Brief descriptive captions
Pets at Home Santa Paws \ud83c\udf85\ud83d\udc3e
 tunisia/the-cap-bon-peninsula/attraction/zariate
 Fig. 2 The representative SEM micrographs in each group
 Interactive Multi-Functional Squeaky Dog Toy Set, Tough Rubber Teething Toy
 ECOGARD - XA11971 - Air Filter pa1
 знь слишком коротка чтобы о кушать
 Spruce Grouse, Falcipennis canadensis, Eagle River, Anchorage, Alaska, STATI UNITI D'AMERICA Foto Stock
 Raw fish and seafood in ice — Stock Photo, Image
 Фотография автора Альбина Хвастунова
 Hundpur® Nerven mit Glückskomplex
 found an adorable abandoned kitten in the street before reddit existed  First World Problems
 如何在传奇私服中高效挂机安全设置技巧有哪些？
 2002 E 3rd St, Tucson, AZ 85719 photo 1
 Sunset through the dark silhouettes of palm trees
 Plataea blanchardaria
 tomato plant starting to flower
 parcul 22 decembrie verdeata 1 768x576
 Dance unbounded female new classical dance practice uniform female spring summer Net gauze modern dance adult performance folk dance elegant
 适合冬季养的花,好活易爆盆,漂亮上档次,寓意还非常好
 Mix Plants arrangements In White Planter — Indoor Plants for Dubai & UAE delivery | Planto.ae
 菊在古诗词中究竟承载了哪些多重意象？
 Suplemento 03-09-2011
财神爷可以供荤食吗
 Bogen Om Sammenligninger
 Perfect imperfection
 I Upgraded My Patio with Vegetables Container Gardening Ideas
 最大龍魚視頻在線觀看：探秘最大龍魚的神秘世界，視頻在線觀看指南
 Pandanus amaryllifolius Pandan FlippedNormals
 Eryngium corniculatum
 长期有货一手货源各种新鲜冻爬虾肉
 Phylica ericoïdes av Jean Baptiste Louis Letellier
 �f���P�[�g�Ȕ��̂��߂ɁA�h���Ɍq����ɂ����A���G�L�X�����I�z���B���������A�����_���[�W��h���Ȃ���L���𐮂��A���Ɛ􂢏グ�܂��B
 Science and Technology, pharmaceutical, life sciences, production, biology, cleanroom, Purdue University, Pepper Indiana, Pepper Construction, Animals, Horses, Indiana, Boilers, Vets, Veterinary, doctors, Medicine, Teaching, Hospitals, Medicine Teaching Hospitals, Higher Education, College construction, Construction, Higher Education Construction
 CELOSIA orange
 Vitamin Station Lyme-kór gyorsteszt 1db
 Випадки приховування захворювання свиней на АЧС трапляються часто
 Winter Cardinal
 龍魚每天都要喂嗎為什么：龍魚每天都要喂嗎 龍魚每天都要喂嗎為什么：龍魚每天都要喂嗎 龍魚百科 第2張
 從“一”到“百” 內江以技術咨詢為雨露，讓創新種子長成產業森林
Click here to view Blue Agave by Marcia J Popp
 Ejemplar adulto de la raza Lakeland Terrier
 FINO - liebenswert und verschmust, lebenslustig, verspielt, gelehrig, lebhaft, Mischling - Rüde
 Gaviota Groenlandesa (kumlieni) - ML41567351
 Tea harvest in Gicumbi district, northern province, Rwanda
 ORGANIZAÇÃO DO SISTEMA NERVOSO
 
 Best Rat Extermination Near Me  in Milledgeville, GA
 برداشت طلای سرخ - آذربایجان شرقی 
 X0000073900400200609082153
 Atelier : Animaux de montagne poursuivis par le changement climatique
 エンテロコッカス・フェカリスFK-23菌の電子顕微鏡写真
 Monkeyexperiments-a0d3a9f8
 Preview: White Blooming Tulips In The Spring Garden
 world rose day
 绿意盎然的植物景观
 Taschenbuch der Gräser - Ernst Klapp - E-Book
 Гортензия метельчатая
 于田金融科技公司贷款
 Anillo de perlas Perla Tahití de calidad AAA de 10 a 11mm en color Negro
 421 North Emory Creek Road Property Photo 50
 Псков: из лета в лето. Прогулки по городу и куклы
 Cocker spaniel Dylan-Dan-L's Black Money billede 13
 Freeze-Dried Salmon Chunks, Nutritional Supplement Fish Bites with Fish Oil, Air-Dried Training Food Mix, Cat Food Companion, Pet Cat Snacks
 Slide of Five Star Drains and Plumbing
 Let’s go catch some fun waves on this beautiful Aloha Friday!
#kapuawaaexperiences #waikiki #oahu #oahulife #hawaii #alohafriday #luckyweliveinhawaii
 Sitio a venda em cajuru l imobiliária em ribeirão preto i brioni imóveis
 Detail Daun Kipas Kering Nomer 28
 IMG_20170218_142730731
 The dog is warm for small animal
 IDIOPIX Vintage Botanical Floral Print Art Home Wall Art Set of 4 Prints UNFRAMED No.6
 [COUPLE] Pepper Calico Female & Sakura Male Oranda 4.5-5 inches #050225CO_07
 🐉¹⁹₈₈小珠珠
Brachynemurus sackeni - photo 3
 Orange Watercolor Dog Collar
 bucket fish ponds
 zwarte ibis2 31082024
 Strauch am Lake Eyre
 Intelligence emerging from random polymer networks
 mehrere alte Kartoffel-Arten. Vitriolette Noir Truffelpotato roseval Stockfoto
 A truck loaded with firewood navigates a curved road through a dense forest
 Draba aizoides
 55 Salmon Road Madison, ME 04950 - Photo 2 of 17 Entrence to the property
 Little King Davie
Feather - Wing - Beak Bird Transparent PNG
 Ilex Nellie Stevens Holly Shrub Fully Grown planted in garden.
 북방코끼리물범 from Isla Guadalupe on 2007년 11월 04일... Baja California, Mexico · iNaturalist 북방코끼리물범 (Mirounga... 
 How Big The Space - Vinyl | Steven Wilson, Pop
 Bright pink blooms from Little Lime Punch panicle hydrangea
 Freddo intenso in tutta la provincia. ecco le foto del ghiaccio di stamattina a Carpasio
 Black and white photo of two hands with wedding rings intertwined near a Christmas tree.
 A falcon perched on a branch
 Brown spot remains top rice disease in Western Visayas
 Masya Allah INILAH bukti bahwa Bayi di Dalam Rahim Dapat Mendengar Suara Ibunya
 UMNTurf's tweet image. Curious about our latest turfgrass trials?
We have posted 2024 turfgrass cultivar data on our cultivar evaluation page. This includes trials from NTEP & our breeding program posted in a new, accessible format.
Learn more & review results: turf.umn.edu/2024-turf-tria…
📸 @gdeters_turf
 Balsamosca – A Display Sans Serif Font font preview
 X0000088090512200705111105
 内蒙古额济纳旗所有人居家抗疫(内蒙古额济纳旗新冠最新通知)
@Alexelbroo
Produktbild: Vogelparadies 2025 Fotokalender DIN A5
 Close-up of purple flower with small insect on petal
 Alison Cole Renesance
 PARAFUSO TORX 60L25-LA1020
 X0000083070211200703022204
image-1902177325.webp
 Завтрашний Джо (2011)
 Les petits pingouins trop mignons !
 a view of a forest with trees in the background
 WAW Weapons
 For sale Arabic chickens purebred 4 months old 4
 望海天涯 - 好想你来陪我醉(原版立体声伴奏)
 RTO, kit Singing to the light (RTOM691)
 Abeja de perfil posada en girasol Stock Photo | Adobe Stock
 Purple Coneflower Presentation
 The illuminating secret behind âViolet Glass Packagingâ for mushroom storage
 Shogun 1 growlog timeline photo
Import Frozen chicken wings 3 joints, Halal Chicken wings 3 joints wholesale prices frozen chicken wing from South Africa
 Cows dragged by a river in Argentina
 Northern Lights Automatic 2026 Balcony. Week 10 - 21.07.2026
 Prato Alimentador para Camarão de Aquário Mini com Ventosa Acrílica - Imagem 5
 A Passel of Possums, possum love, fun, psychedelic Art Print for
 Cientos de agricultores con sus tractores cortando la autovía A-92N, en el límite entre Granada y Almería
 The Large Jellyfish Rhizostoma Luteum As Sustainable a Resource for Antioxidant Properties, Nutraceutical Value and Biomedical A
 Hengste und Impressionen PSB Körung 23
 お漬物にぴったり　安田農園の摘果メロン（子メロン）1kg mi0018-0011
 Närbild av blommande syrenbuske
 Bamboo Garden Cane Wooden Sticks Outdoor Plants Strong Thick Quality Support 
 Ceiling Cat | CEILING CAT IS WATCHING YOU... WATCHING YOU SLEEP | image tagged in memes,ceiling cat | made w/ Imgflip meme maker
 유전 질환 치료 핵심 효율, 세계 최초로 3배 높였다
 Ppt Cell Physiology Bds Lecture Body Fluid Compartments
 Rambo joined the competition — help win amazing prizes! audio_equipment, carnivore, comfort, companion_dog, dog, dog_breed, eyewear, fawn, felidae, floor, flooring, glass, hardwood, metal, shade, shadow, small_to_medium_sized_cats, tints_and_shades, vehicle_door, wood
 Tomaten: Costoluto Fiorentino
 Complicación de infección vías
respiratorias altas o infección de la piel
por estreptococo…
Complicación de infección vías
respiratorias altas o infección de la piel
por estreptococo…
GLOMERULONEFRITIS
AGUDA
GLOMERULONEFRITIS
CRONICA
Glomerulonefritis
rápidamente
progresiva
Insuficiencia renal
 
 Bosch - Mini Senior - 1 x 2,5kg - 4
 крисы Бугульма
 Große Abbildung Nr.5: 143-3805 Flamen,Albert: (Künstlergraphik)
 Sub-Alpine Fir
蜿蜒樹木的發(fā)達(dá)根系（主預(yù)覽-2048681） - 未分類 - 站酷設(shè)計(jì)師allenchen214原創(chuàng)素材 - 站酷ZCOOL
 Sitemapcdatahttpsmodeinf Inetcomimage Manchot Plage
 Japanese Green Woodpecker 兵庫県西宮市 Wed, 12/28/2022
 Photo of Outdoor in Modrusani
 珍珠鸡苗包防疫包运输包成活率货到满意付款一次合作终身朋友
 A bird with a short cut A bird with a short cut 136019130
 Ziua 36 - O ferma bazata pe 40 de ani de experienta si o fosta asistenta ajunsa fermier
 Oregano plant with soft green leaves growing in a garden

**Exercise prompt**
Proceeding from the line containing "image-1902177325.webp" through the line containing "Cientos de agricultores", transcribe the lines above exactly, both end lines included.

**Expected answer**
image-1902177325.webp
 Завтрашний Джо (2011)
 Les petits pingouins trop mignons !
 a view of a forest with trees in the background
 WAW Weapons
 For sale Arabic chickens purebred 4 months old 4
 望海天涯 - 好想你来陪我醉(原版立体声伴奏)
 RTO, kit Singing to the light (RTOM691)
 Abeja de perfil posada en girasol Stock Photo | Adobe Stock
 Purple Coneflower Presentation
 The illuminating secret behind âViolet Glass Packagingâ for mushroom storage
 Shogun 1 growlog timeline photo
Import Frozen chicken wings 3 joints, Halal Chicken wings 3 joints wholesale prices frozen chicken wing from South Africa
 Cows dragged by a river in Argentina
 Northern Lights Automatic 2026 Balcony. Week 10 - 21.07.2026
 Prato Alimentador para Camarão de Aquário Mini com Ventosa Acrílica - Imagem 5
 A Passel of Possums, possum love, fun, psychedelic Art Print for
 Cientos de agricultores con sus tractores cortando la autovía A-92N, en el límite entre Granada y Almería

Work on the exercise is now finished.